20.6.1.1. Correlation#

No single attribute is sufficient to predict the sale price. For example, the area of first floor, measured in square feet, correlates with sale price but only explains some of its variability.

fig, ax = plt.subplots(figsize=(5,4))

ax.scatter(
    sales['1st Flr SF'], 
    sales['SalePrice'],   
    color='darkblue', 
    alpha=0.8,
    s=5
)

x_label = '1st Flr SF'
y_label = 'SalePrice'

plt.ylabel(y_label)
plt.xlabel(x_label)
plt.show()

../../_images/bce7f4e0cede9c5e1dcbf0d3cdb00daa04a0be445ec02e8416d87bdf16037760.png

correlation(sales, 'SalePrice', '1st Flr SF')

0.6424662541030225

In fact, none of the individual attributes have a correlation with sale price that is above 0.7 (except for the sale price itself).

for label in sales.columns:
    print('Correlation of', label, 'and SalePrice:\t', correlation(sales, label, 'SalePrice'))

Correlation of SalePrice and SalePrice:	 1.0
Correlation of 1st Flr SF and SalePrice:	 0.6424662541030225
Correlation of 2nd Flr SF and SalePrice:	 0.3575218942800824
Correlation of Total Bsmt SF and SalePrice:	 0.652978626757169
Correlation of Garage Area and SalePrice:	 0.6385944852520442
Correlation of Wood Deck SF and SalePrice:	 0.3526986661950491
Correlation of Open Porch SF and SalePrice:	 0.3369094170263733
Correlation of Lot Area and SalePrice:	 0.29082345511576946
Correlation of Year Built and SalePrice:	 0.5651647537135916
Correlation of Yr Sold and SalePrice:	 0.025948579080721124

However, combining attributes can provide higher correlation. In particular, if we sum the first floor and second floor areas, the result has a higher correlation than any single attribute alone.

sales_copy = sales.copy()
both_floors = sales_copy.iloc[:,1] + sales_copy.iloc[:,2]

sales_copy['Both Floors'] = both_floors
correlation(sales_copy, 'SalePrice', 'Both Floors')

0.7821920556134877

# sales_copy.iloc[:,2]
# sales_copy['2nd Flr SF']

This high correlation indicates that we should try to use more than one attribute to predict the sale price. In a dataset with multiple observed attributes and a single numerical value to be predicted (the sale price in this case), multiple linear regression can be an effective technique.

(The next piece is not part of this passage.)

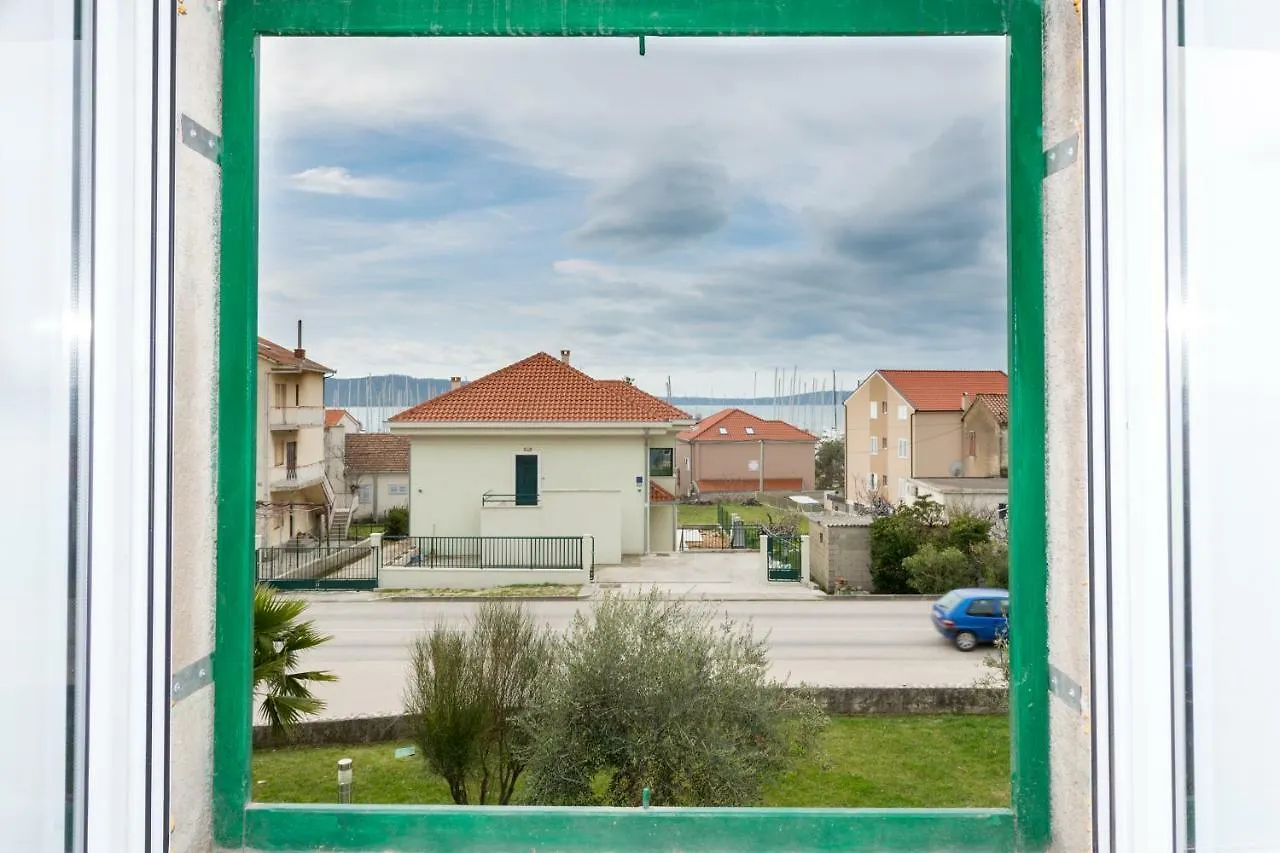 Apartment Park Kastela 0*,  Croatia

20.6.2. Multiple Linear Regression#

In multiple linear regression, a numerical output is predicted from numerical input attributes by multiplying each attribute value by a different slope, then summing the results. In this example, the slope for the 1st Flr SF would represent the dollars per square foot of area on the first floor of the house that should be used in our prediction.

Before we begin prediction, we split our data randomly into a training and test set of equal size.

20.6.2.1. Train/Test split#

sales_copy = sales.copy()
train = sales_copy.sample(1001, replace=False)
test = sales_copy.drop(train.index)

print(f"{len(train)} training and {len(test)} test instances.")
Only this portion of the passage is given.